►

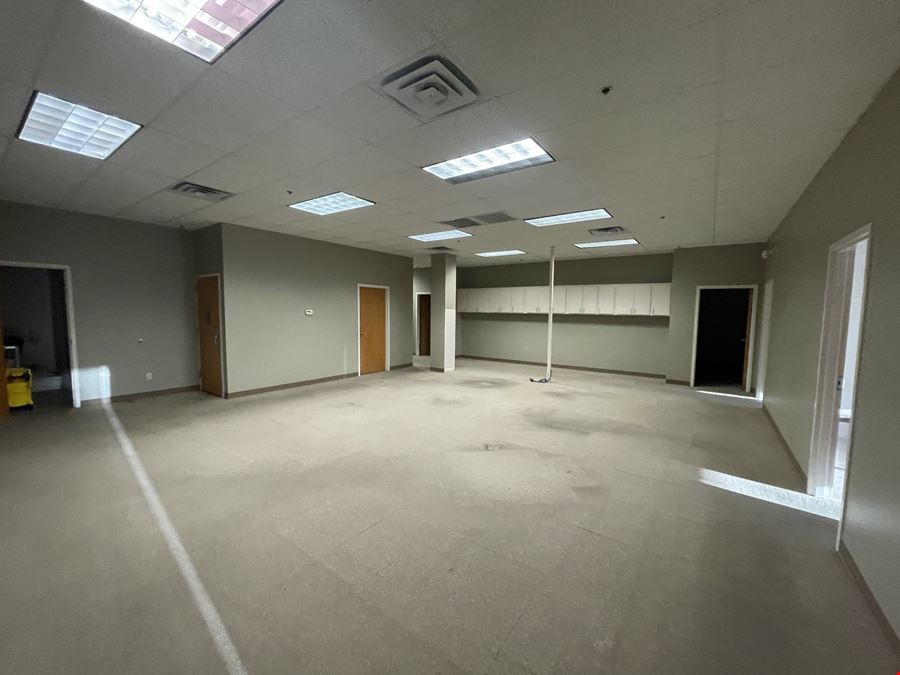 Crosstown Business Center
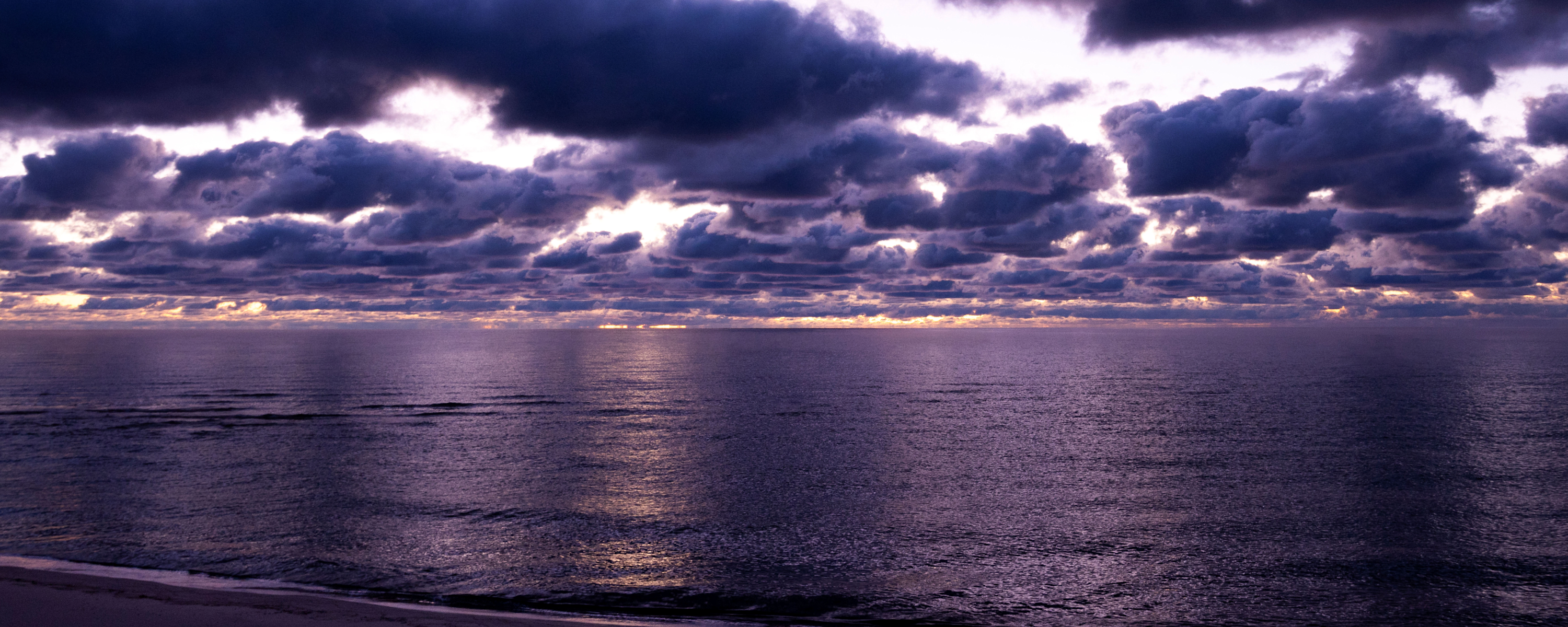 
        <div class='title'>
          2
        </div>
       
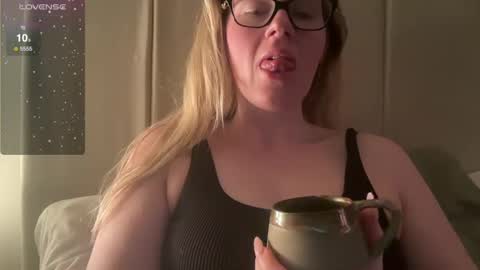 Rosie online show from March 2025 06:37:01 AM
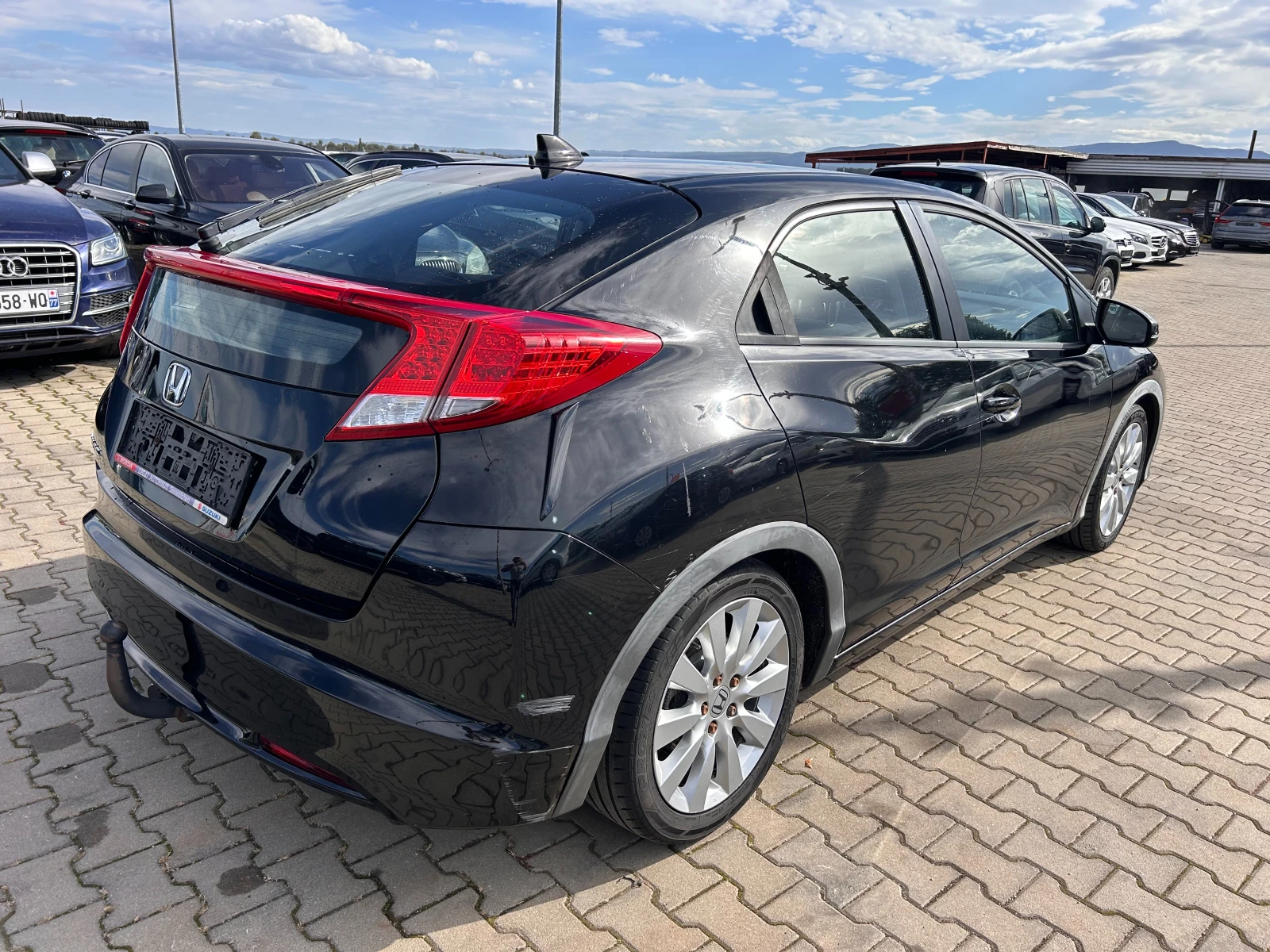 Honda Civic 1.6DTEC KAMERA EURO 5 - изображение 6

◄

DESCRIPTION OF THE TASK:
For this exercise, repeat word for word only the lines from the one containing "<div class='title'>" through the end of the data, including both. Pictures do not go in the copy.

WRITTEN SOLUTION:
        <div class='title'>
          2
        </div>
       
 Rosie online show from March 2025 06:37:01 AM
 Honda Civic 1.6DTEC KAMERA EURO 5 - изображение 6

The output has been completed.